* **DATA RECORDS**
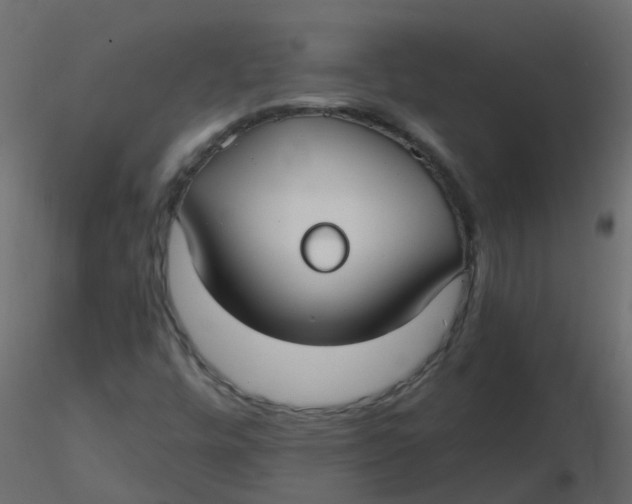 X0000116611448200912312108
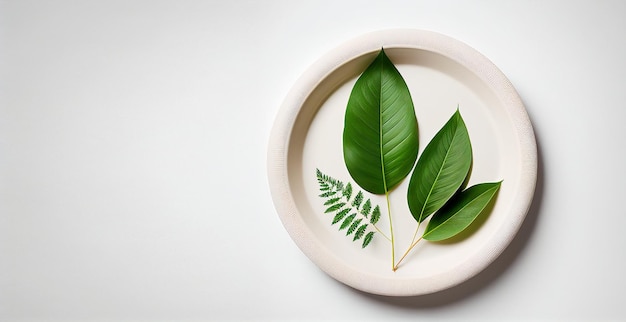 A plate with leaves on it and a white background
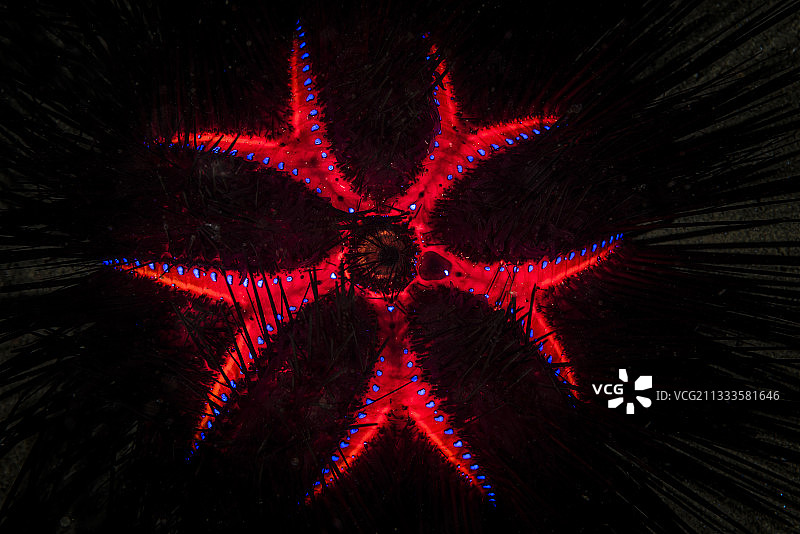 印度尼西亚科莫多火海胆细节图片素材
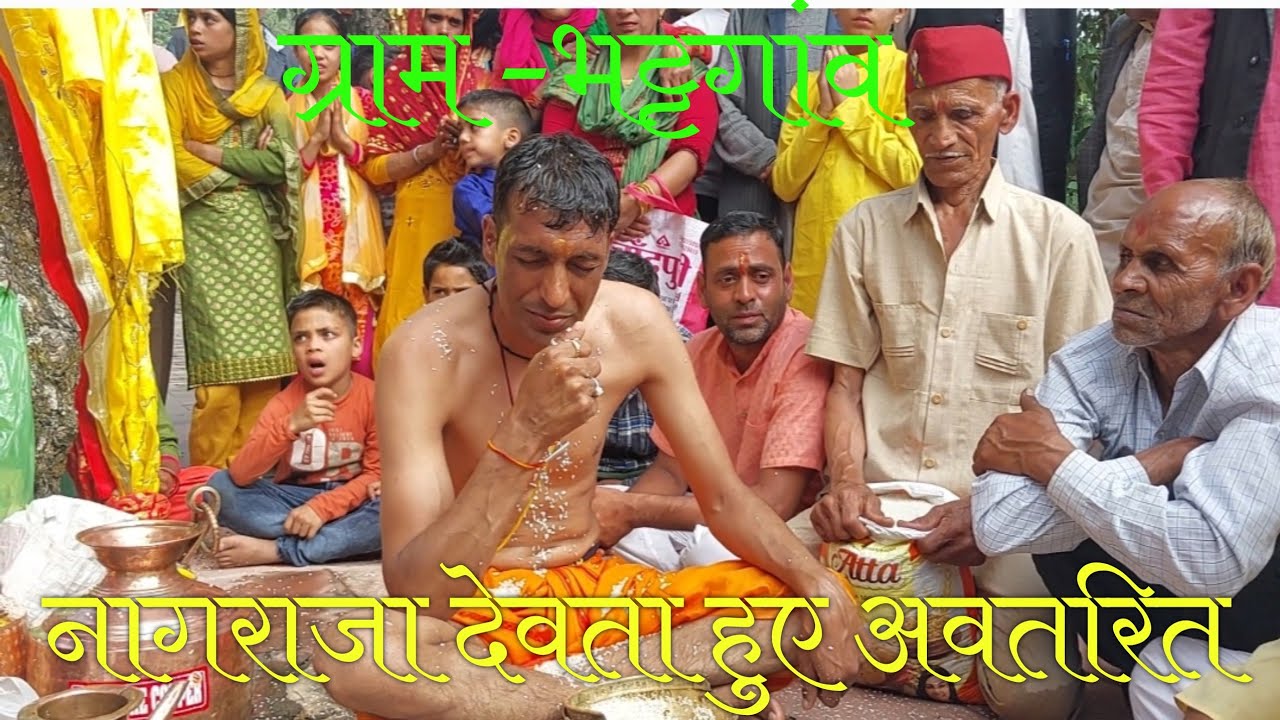 नागराजा देवता हुए अवतरित, बताया भक्तों की समस्याओं का समाधान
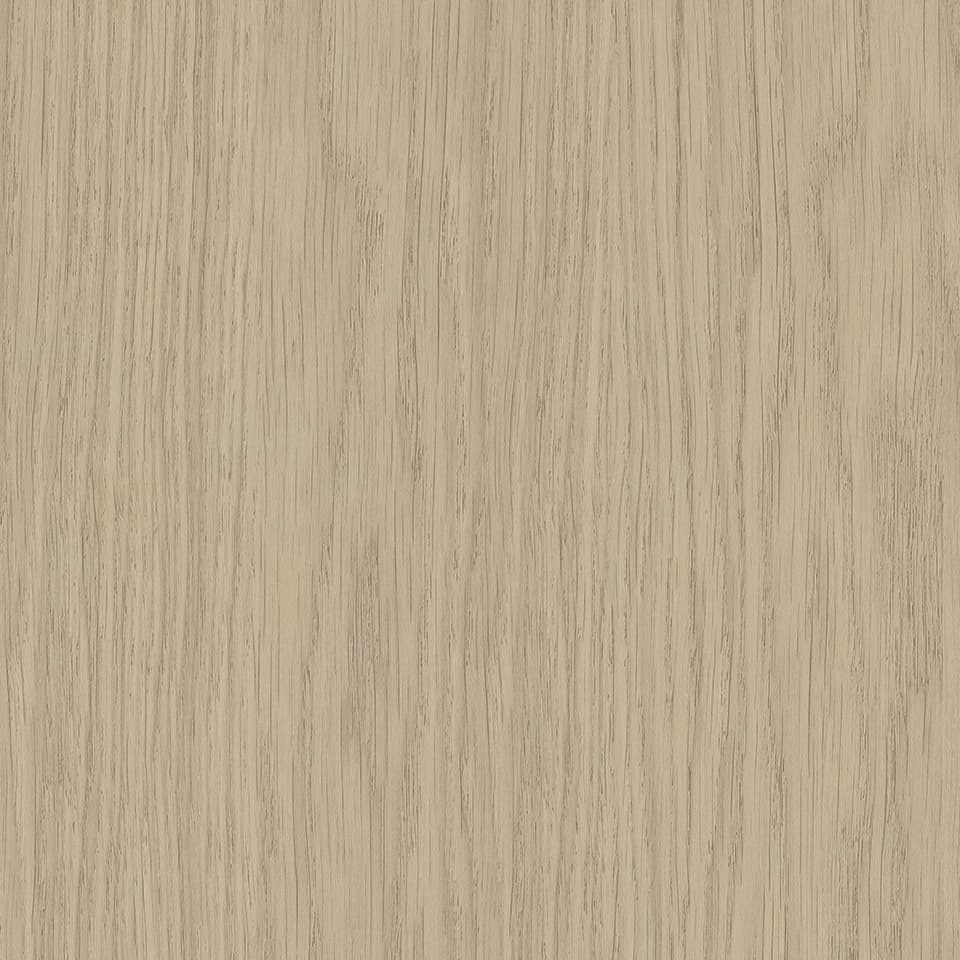 Laurel Oak
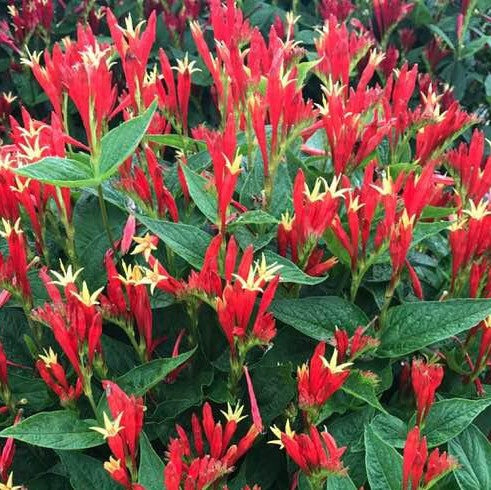 Spigelia Ragin Cajun Indian Pink (Spigelia ragin &
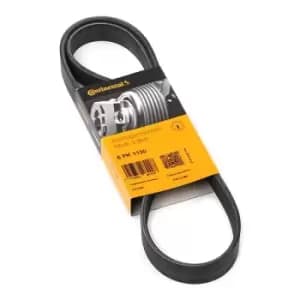 CONTITECH V-ribbed belt 6PK1130 Serpentine belt,Auxiliary belt VW,AUDI,MERCEDES-BENZ,Golf VII Schragheck (5G1, BQ1, BE1, BE2)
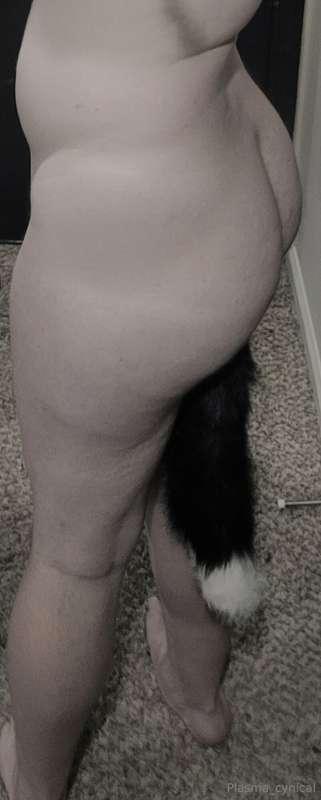 Using a butt plug tail for the first time
And double stuffin..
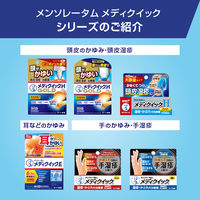 メンソレータム メディクイックE 30ml ロート製薬 耳などのかゆみをすばやく抑える【指定第2類医薬品】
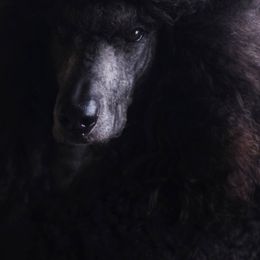 Poodle All Grown Up from Deaux Rey Standard Poodles
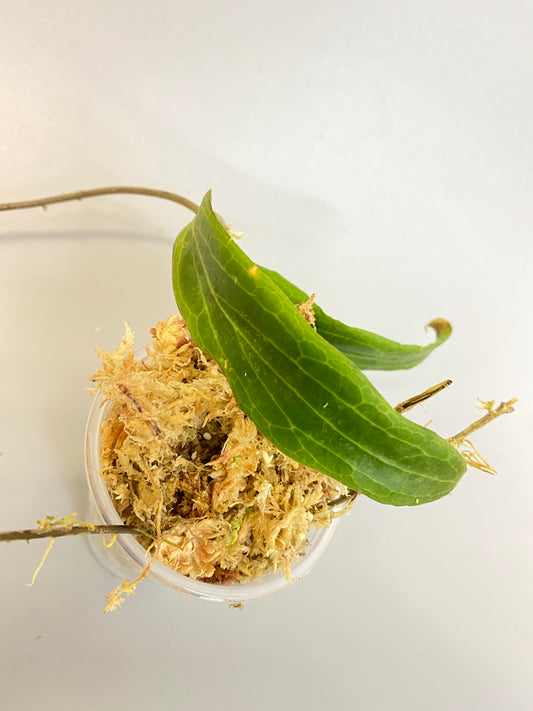 Hoya bordenii - unrooted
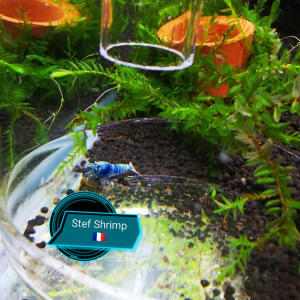 Publication de Stef-Shrimp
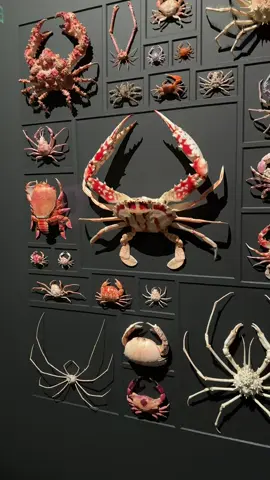 We really be eating sea spiders. 👀🦀 #exquisitecreatures #seattle 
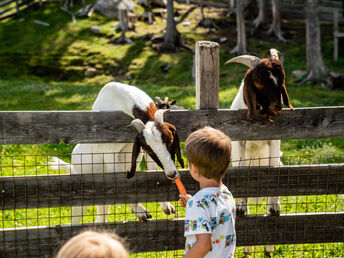 Tradition & Natur Pur in den Schladminger Bergen | 4 Tage  inkl. Halbpension  
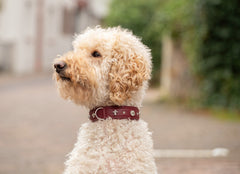 Hund mit lockigem, hellbeigem Fell trägt rotes Nieten-Halsband, seitlich abgebildet, schaut nach links.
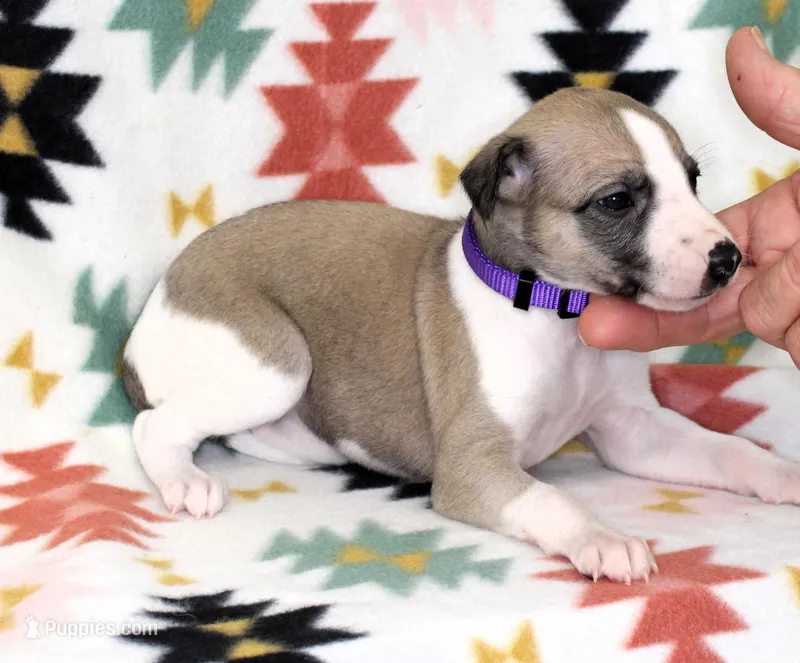 JERSEY-AKC – Whippet puppy for sale in Bells, TX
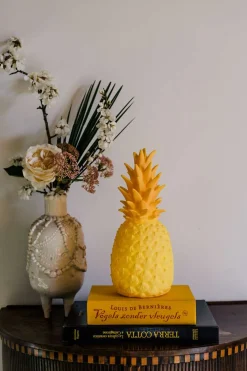 GOODNIGHT-light® Dekoleuchte Ananas 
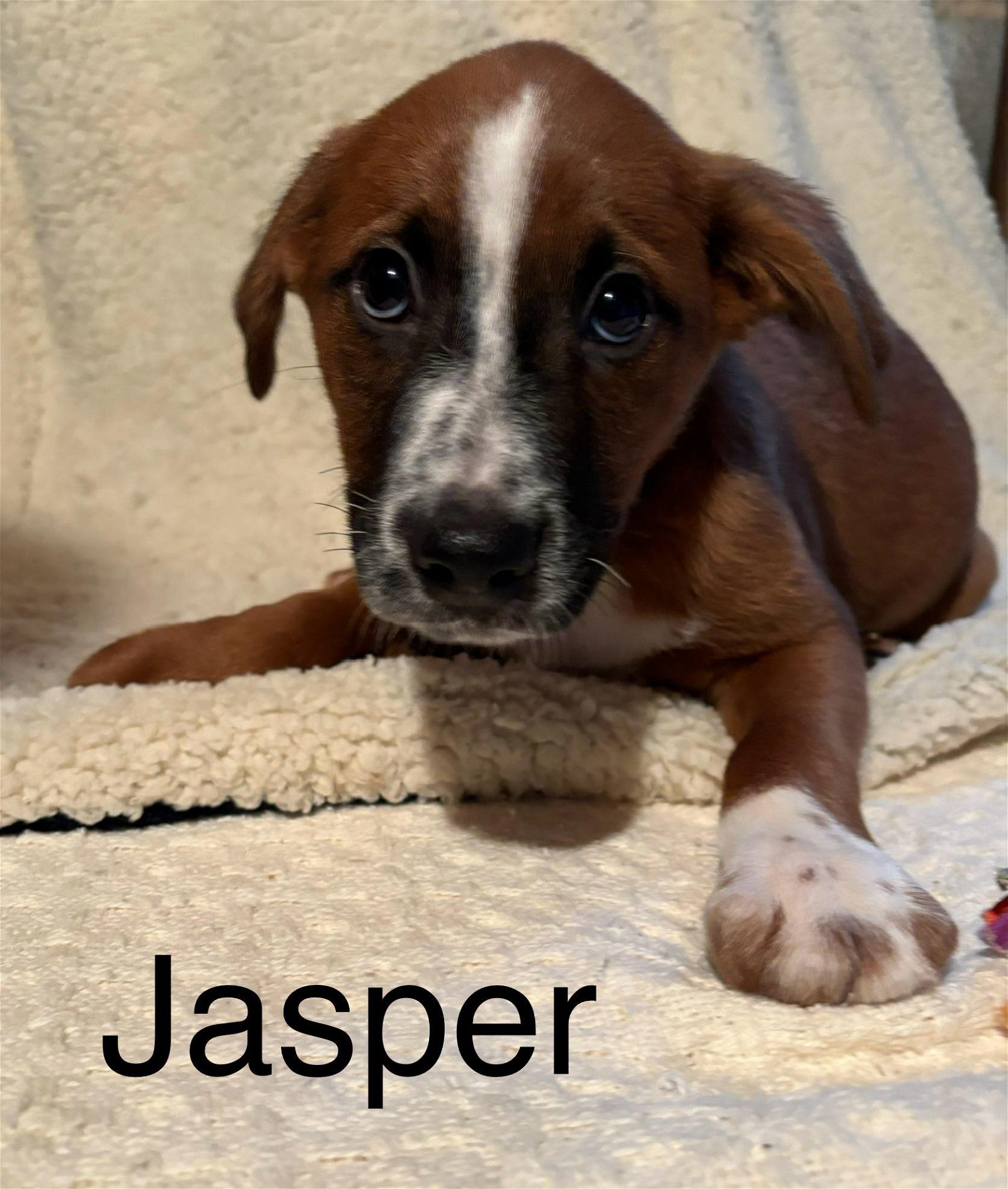 adoptable Dog in Mechanicsburg, PA named Jasper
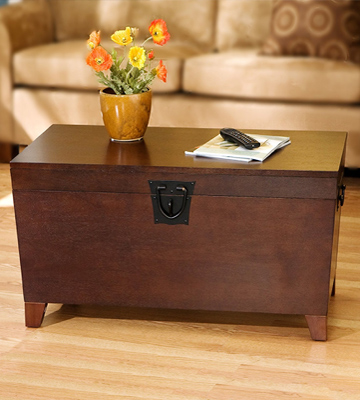 Review of Southern Enterprises, Inc. CK2224 Pyramid Storage Trunk Cocktail Table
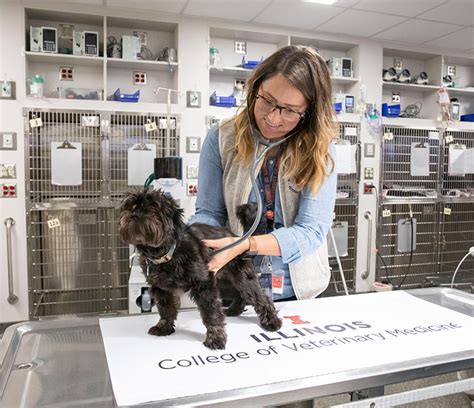 Animal Er Services With University Of Illinois Veterinary Teaching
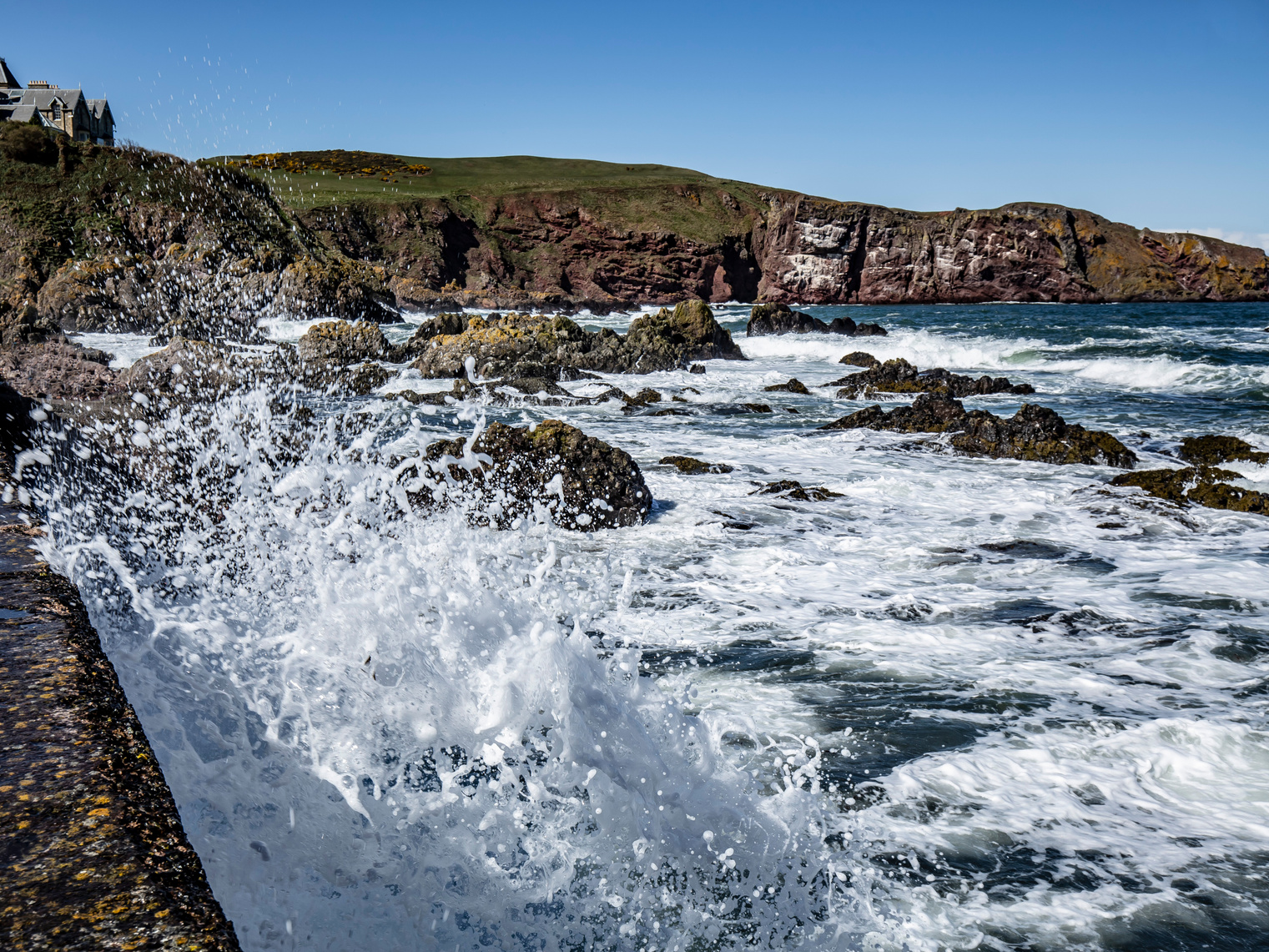 North Sea Coastline At Coldingham Harbour.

* **EXERCISE REQUIREMENTS**
Although pictures appear among the records above, write out exactly only the lines from the one that has "Using a butt plug tail for the first time" through the one that has "adoptable Dog in", and leave the pictures out.

* **ANSWER SECTION**
 Using a butt plug tail for the first time
And double stuffin..
 メンソレータム メディクイックE 30ml ロート製薬 耳などのかゆみをすばやく抑える【指定第2類医薬品】
 Poodle All Grown Up from Deaux Rey Standard Poodles
 Hoya bordenii - unrooted
 Publication de Stef-Shrimp
 We really be eating sea spiders. 👀🦀 #exquisitecreatures #seattle 
 Tradition & Natur Pur in den Schladminger Bergen | 4 Tage  inkl. Halbpension  
 Hund mit lockigem, hellbeigem Fell trägt rotes Nieten-Halsband, seitlich abgebildet, schaut nach links.
 JERSEY-AKC – Whippet puppy for sale in Bells, TX
 GOODNIGHT-light® Dekoleuchte Ananas 
 adoptable Dog in Mechanicsburg, PA named Jasper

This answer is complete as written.